As expected, more underwater borrowers will be able to take advantage of the Obama Administration’s Home Affordable Refinance Program (HARP), with loan-to-value ratios up to 125 percent now considered acceptable, according to HUD.
“I am pleased Secretary Donovan accepted my invitation to come to Nevada and see firsthand the challenges homeowners here are facing,” said Senate Majority Leader Harry Reid (D-NV), in prepared remarks.
“His announcement that the loan-to-value requirement for the Administration’s refinance program has been raised to 125 percent is good news for Nevadans fighting to stay in their homes.”
The city of Las Vegas leads the nation in rate of foreclosure and more than two-thirds of its current mortgage holders are underwater, meaning they have home loan balances that exceed their current property values.

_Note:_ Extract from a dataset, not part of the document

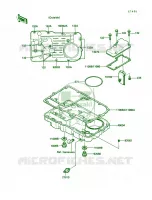 Breather BodyOil Pan pour Kawasaki Voyager XII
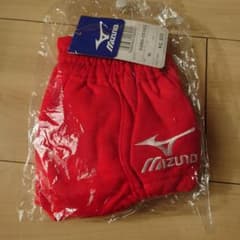 ミズノ バレー ブルマ 赤 新品 サイズM ロゴ刺繍 レア 未開封 - メルカリ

Previously, only borrowers whose loan-to-value was 105 percent of lower could qualify for assistance via the HARP, meaning a mortgage could not exceed $210,000 if the property was now worth just $200,000.

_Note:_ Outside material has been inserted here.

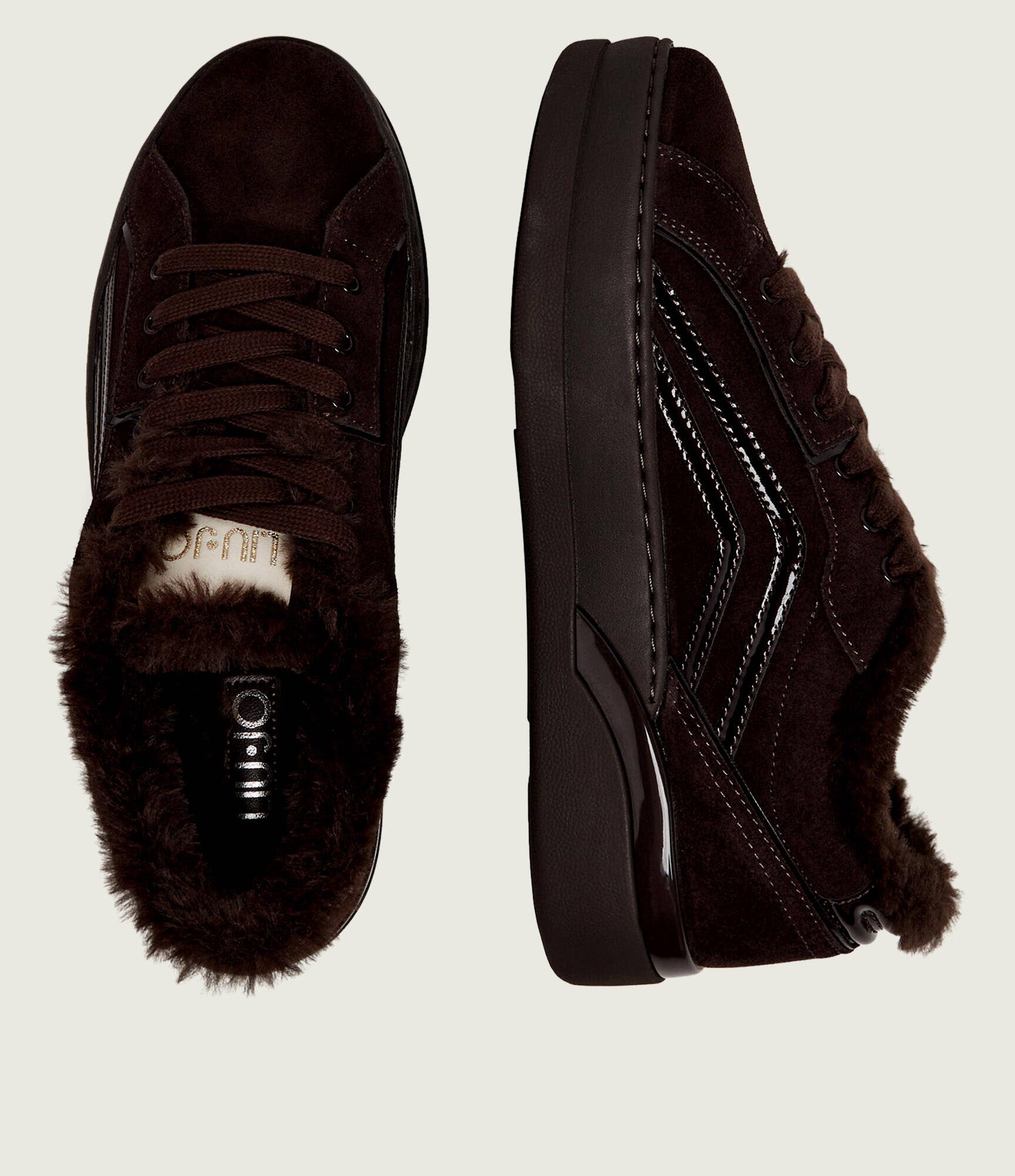 Liu Jo Căptușite sneakers Lena 02 | piele întoarsă | shearling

Now that same borrower’s mortgage balance could be as high as $250,000, meaning help for that many more struggling homeowners.
This also reveals the growing desperation to curtail foreclosures and buoy falling home prices; of course, the program may need to be further expanded to help borrowers even deeper in negative equity, though you could that these homeowners are too far gone to benefit.
Since February 18, 200,000 borrowers have received offers for trial loan modifications under the Making Home Affordable program and “ten of thousands of refinances and trial modifications are under way.”